Migration: Accounts with the same email address

@plypy and I are working on the upcoming migration, where we copy user data from OpenLDAP to MongoDB in Dashboard 2.0.

One thing we need to consider is keeping email addresses unique. Primary email addresses are already “supposed” to be unique, but we have many accounts with the same primary email address. Presumably these accounts were created before we migrated to the ID Dashboard in 2011, and therefore could not have had their primary email address checked. Most appear to be duplicate accounts created by the same person.

I wrote a script to analyze duplicate email addresses in the userbase. These were the results I found:

6030 email addresses
130 email address duplicated
142 times.
128 of these are primary-only duplicates.
0 of these are secondary-only duplicates.

This means there are 128 times where more than one account is using the same primary email address. Due to the way MongoDB indexes data, we cannot keep these duplicate addresses around?

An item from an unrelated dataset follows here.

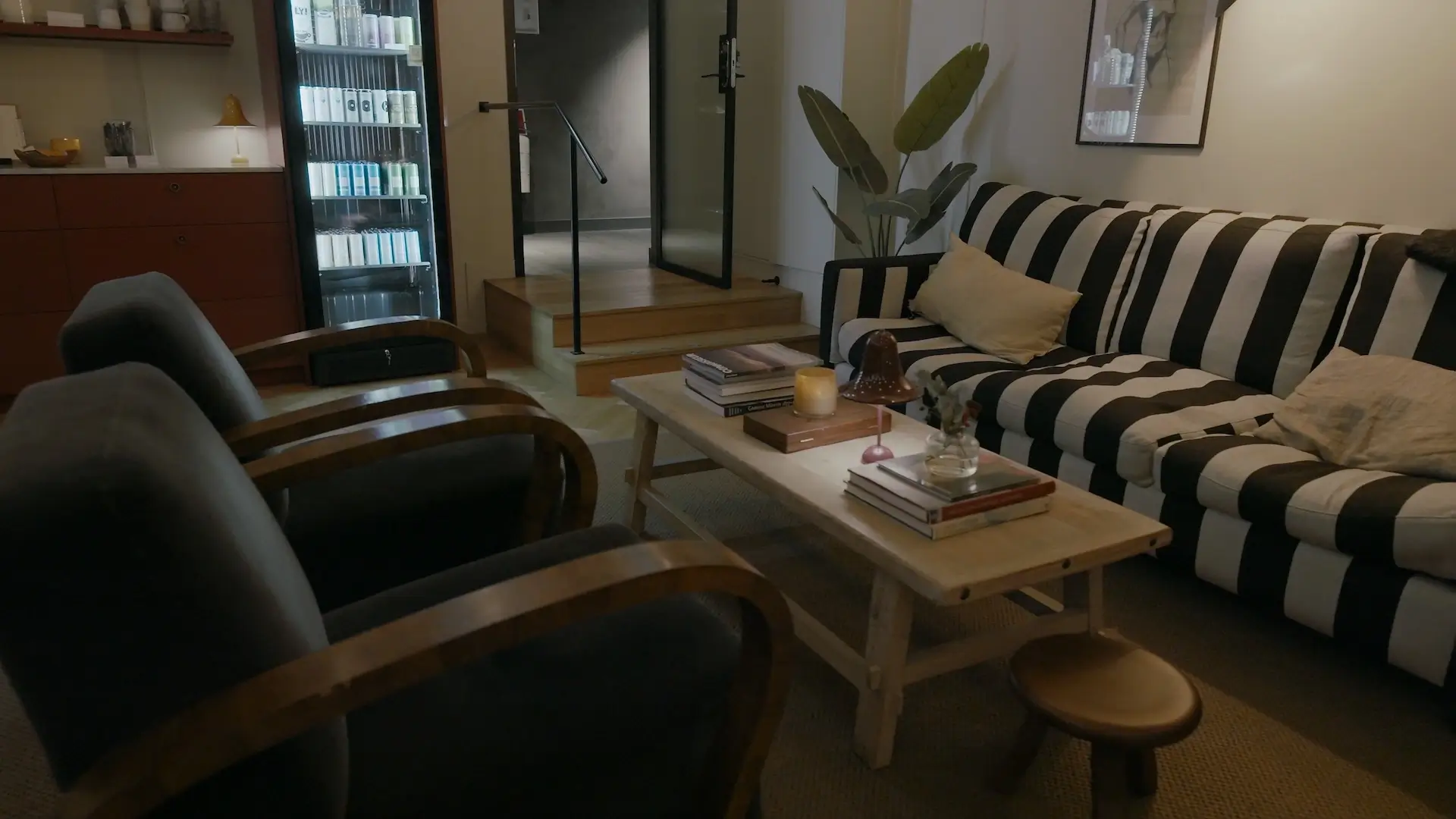 The Age Back Club lounge in Stockholm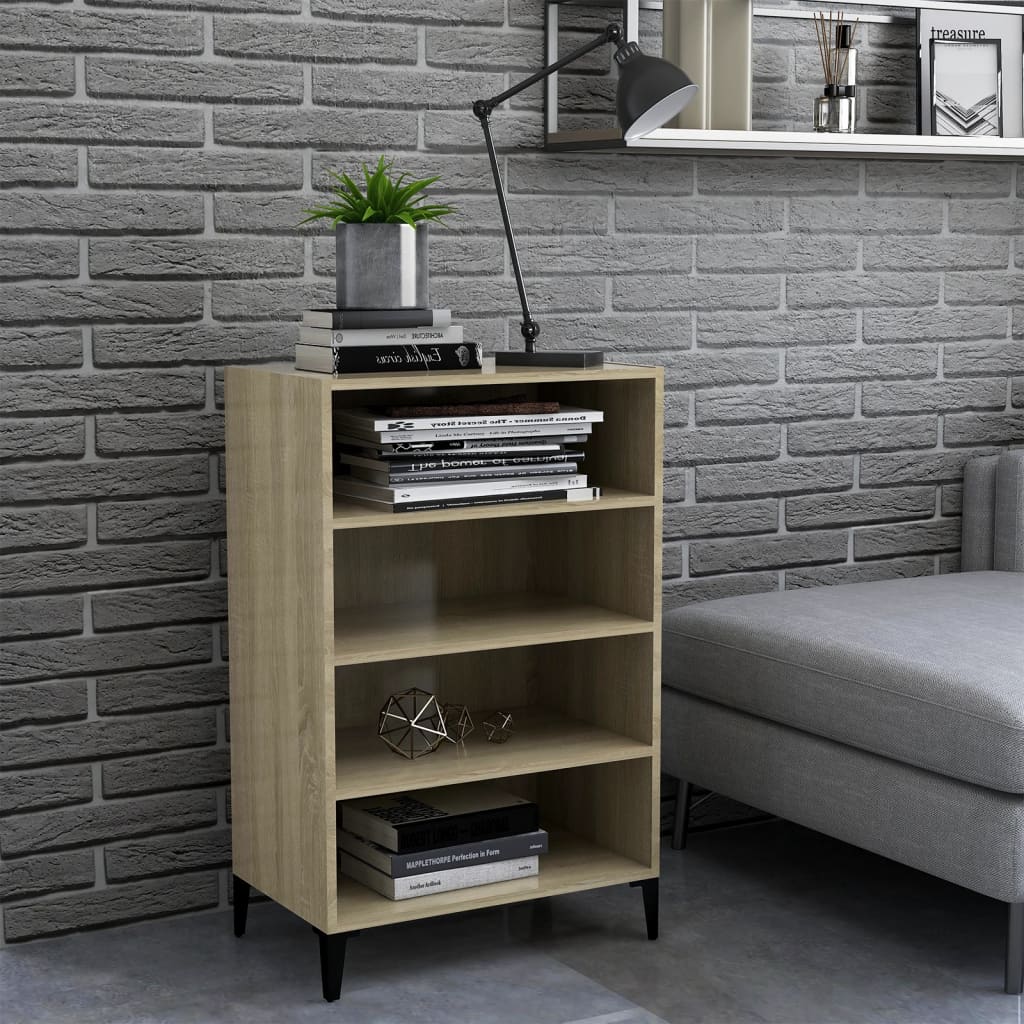 Ραφιέρα Sonoma Δρυς 57 x 35 x 90 εκ. από Επεξ. Ξύλο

I see a couple potential options:

  • Change email addresses on old, duplicate accounts, to something like username@users.noreply.openmrs.org. Affected users, if they were actually using that account, would then be able to go in and update to a new email address.
  • Don’t import these users automatically, only import them when their account first authenticates to the Dashboard. Prevent subsequent accounts from importing to the Dashboard without a Helpdesk ticket to resolve the email address conflict.

Since I believe the vast majority of these clashes are with old accounts that have been forgotten about, I don’t think that either option will cause much of a problem.

Thoughts?

1 Like

I’d like to review the 128 accounts (somewhere non-public to prevent unintentional disclosure of e-mail addresses) to verify.

We need to see what those duplicates have created in apps like JIRA or Confluence, specifically. Generally, I’m inclined to support your approach #2 (don’t import automatically) because I don’t really want lots of deactivated accounts around. But removing accounts from the directory would cause problems for JIRA and Confluence, I think. (We need to verify this in a non-production environment.)

Also, if we had to have a few duplicate accounts, would email address tags work?

Maybe. But since email address tags don’t work with Google Groups, those addresses would be somewhat-invalid. And not all addresses we’re looking at are from providers who support them.